I've been using dgrid 0.3.2 along with JsonRest to display tables of data. Recently, I've been looking at upgrading to dgrid 0.3.6 or 0.3.7. Things work mostly the same, but it seems with the newer versions of dgrid that, if the user clicks a column header to sort fast enough, the grid will start displaying duplicate rows. I’ve verified that the response JSON and range are correct, and this didn’t seem to happen when we used dgrid 0.3.2.

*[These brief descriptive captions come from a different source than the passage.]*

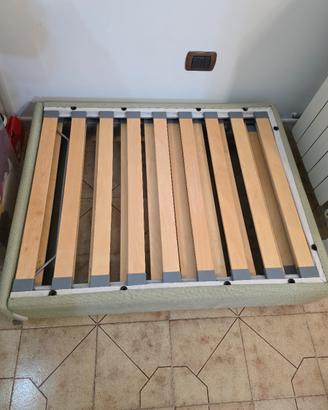 Pouf letto casa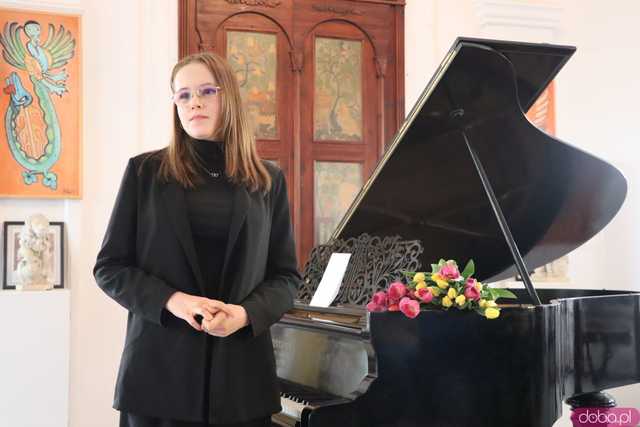 Recital Pauliny Pawlaczek w Synagodze Rutika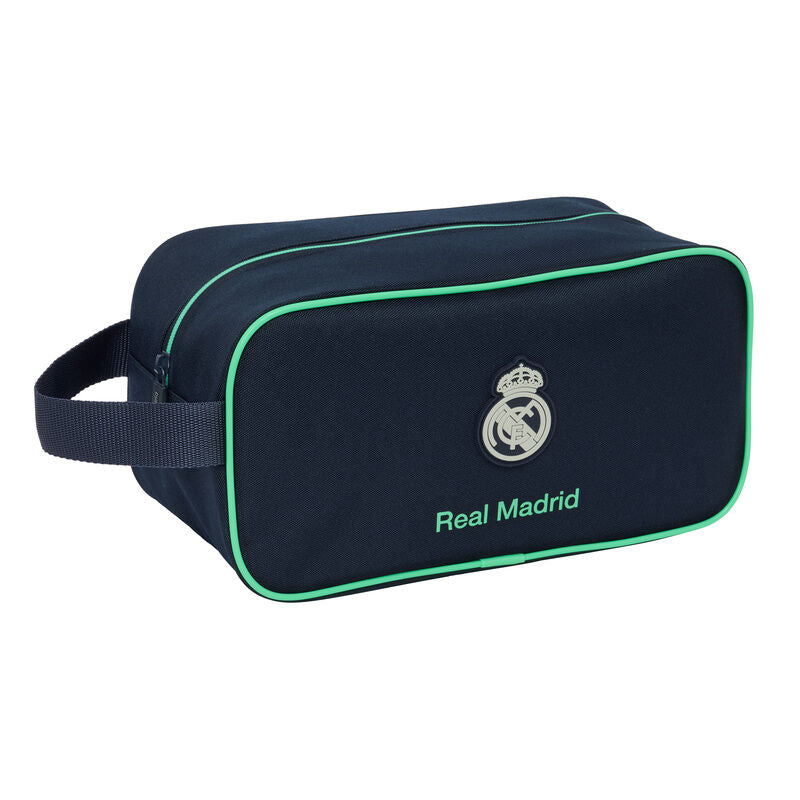 Real Madrid 2 Equipment 25/26 shoes bag Nerdscape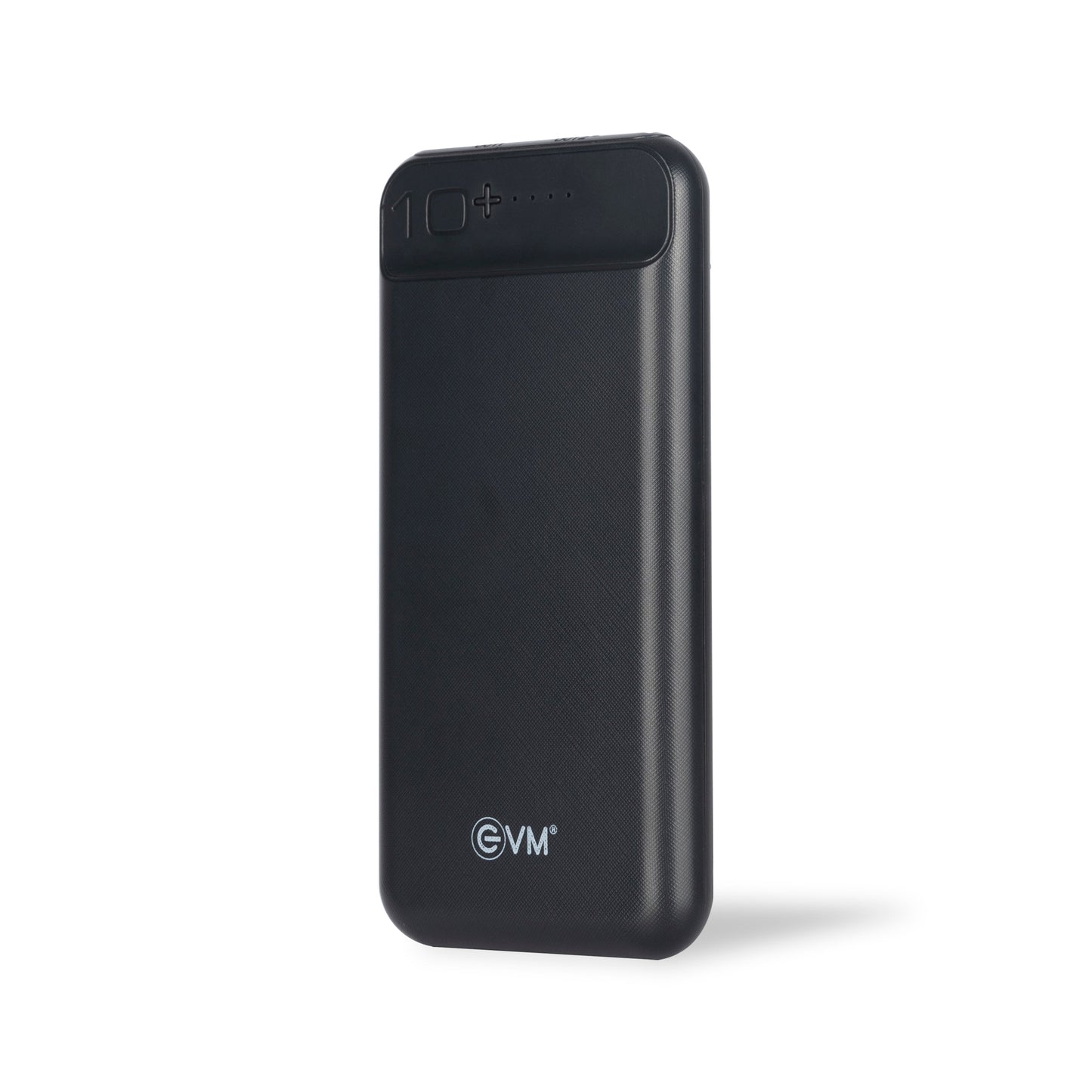 Personalized Black 10000mAh Power Bank - For Corporate Gifting, Event Gifting, Freebies, Promotions - P0109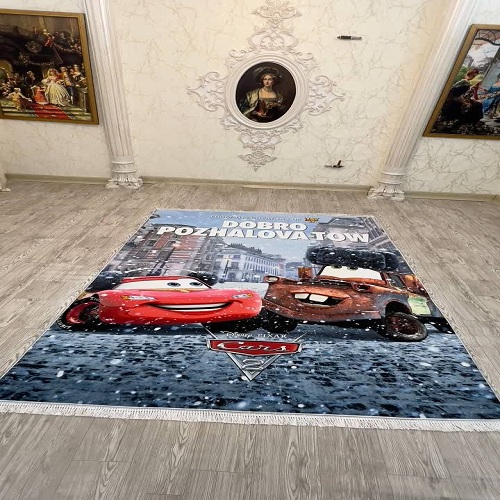 چگونه فرشینه اتاق کودک را تمیز کنیم؟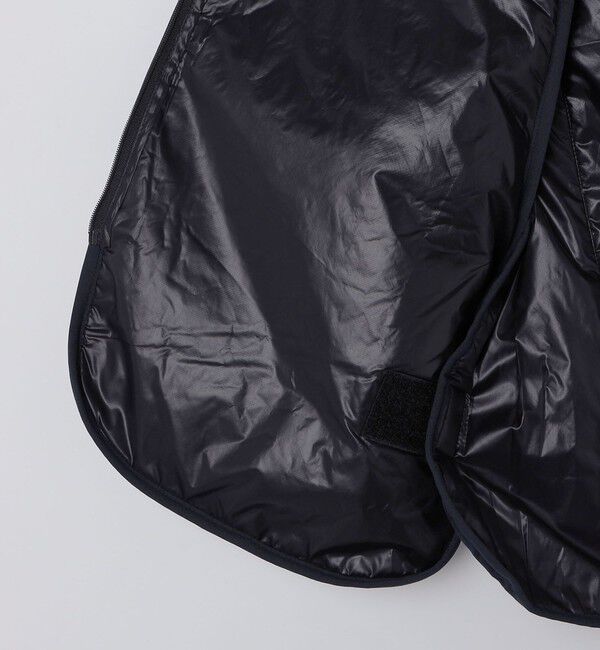 SHIPS「rajabrooke: CORDUROY VEST」|ダウンベスト・ベスト|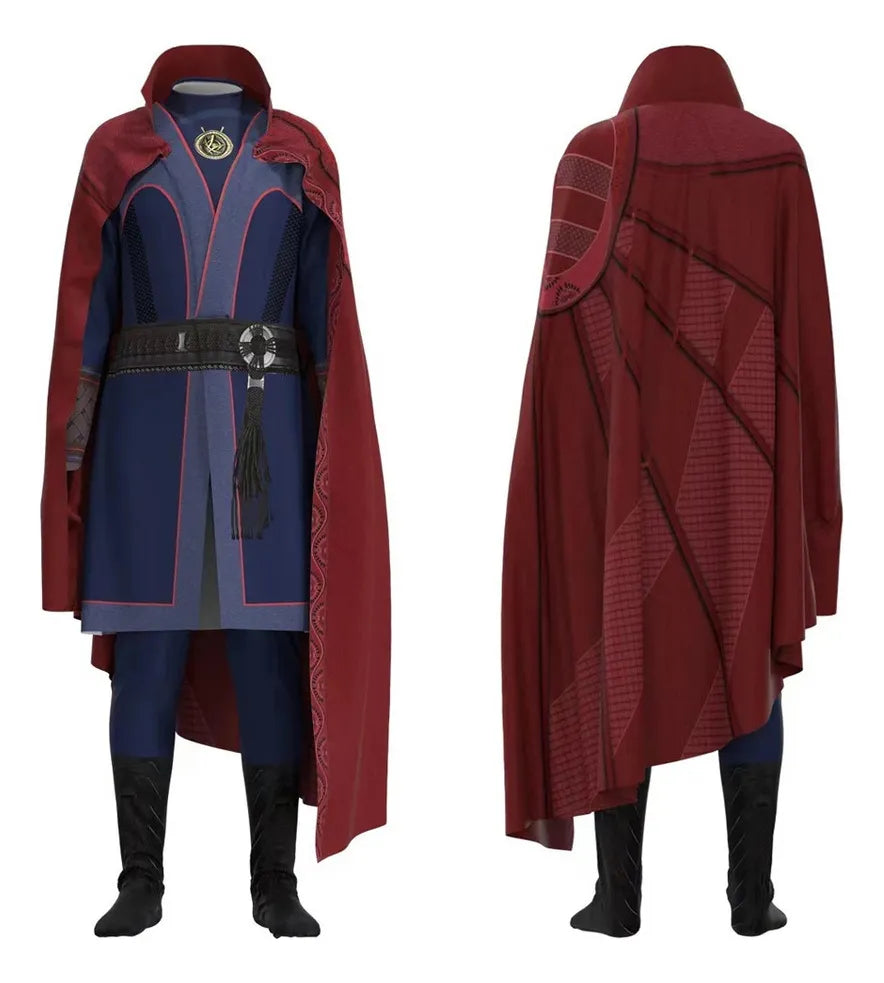 Fantasia Infantil Feiticeiro do Reino Mágico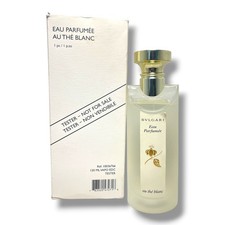  Bvlgari Eau Parfumee Au the Blanc Eau De Cologne 150ml/5fl.oz. New In Box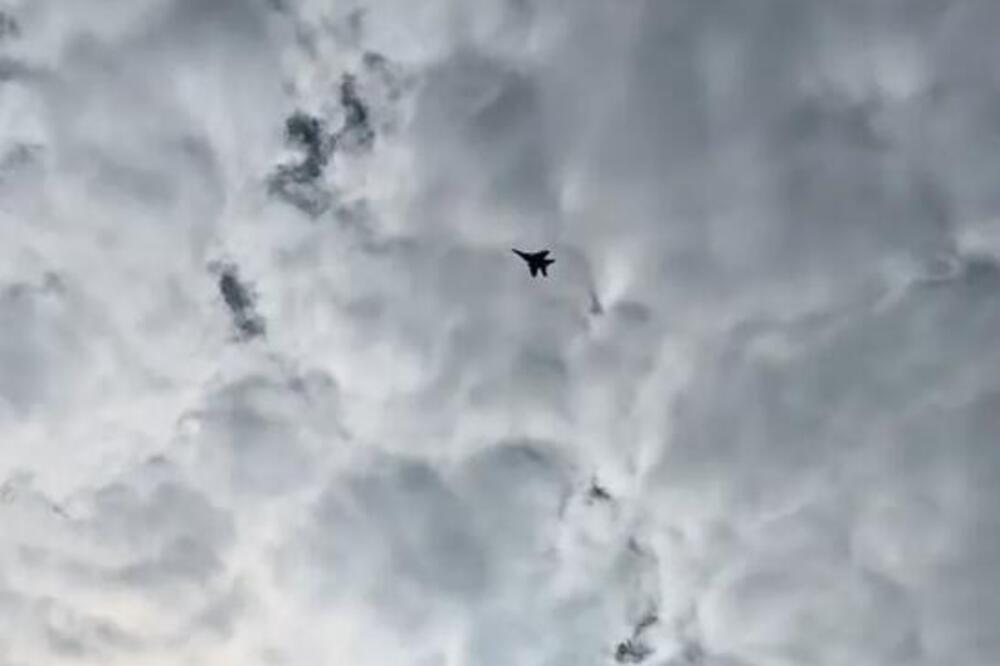 Šta je ovo snimljeno na srpskom nebu u 9 ujutru? Hitno se oglasio Arkanov sin, iznad njega je...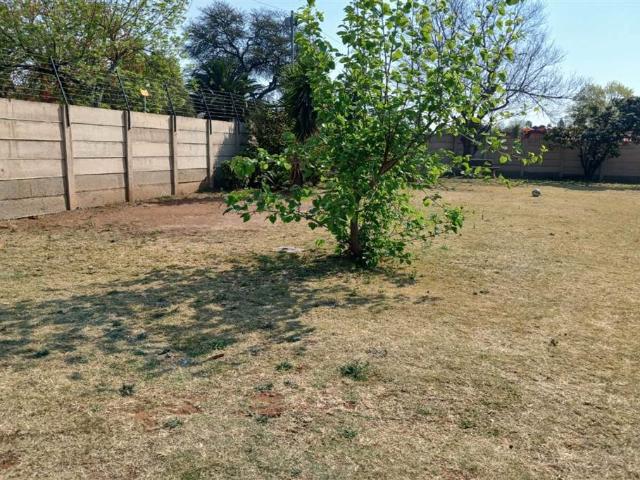 4 Bedroom House in Emalahleni Witbank Central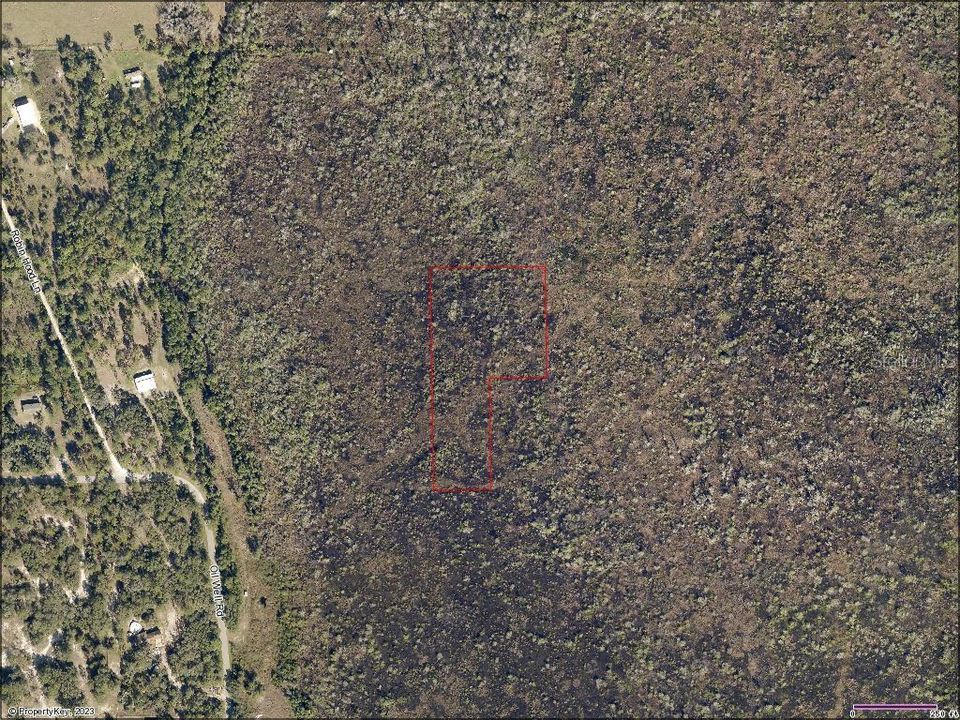 Recently Sold: $12,000 (3.75 acres)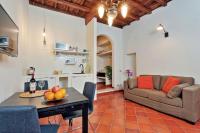 Apartamento de 1 dormitorio con terraza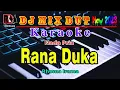 Download Lagu Rana Duka ~ Rhoma Irama || Karaoke (Nada Pria) Dj Remix Dut Orgen Tunggal Terbaru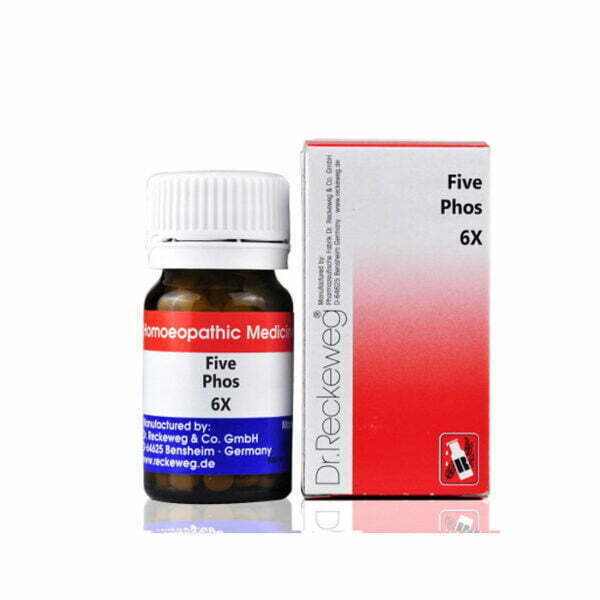 Dr. Reckeweg Five Phos 6X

Here’s a simple test case that reproduces the problem, and mimics how we set up our grid and store. Am I doing something wrong? If I don’t wrap the JsonRest in a Cache, I don’t get this issue, so I’m sure the problem is there, but I’m unsure about the performance ramifications of not caching the JSON response.
<!doctype html>
<html>
<head>
<%
String dgridVer = request.getParameter("dgridVer");
if (dgridVer==null) { dgridVer = "0.3.6"; }
%>
<script type="text/javascript">
var dojoConfig = {
isDebug: true,
baseUrl: 'dojo',
packages: [
{ name: 'dojo', location: 'dojo' },
{ name: 'dijit', location: 'dijit' },
{ name: 'dojox', location: 'dojox' },
{ name: 'dgrid', location: 'dgrid-<%=dgridVer%>' },
{ name: 'put-selector', location: 'put-selector' },
{ name: 'xstyle', location: 'xstyle' },
{ name: 'datagrid', location: '../datagrid' }
]
};
</script>
<script src="dojo/dojo/dojo.js"></script>
</head>
<body>
Try sorting a column as fast as you can. Look for duplicated rows.<br>
Using dgrid version: <%=dgridVer %><p>
<div id='gridDiv'></div>
<script>
require(['dgrid/Grid', 'dgrid/extensions/Pagination', 'dojo/store/JsonRest',
'dojo/store/Cache', 'dojo/store/Memory', 'dojo/_base/declare', 'dojo/domReady!'],
function(Grid, Pagination, JsonRest,
Cache, Memory, declare) {
var columns = [
{ field: "first", label: "First Name" },
{ field: "last", label: "Last Name" },
{ field: "age", label: "Age" }
];
var store = new JsonRest({
target: 'testData.jsp',
sortParam: "sortBy"
});
store = Cache(store, Memory());
var grid = new (declare([Grid, Pagination]))({
columns: columns,
store: store,
loadingMessage: 'Loading...',
rowsPerPage: 4,
firstLastArrows: true
}, 'gridDiv');
});
</script>
</body>
</html>
Check the default implementation of Cache.js, especially the query and queryEngine functions. By default they always get first to the master store, which in your case is the JsonRest store. Only after the data has been loaded, the caching store is updated (in your case the Memory store).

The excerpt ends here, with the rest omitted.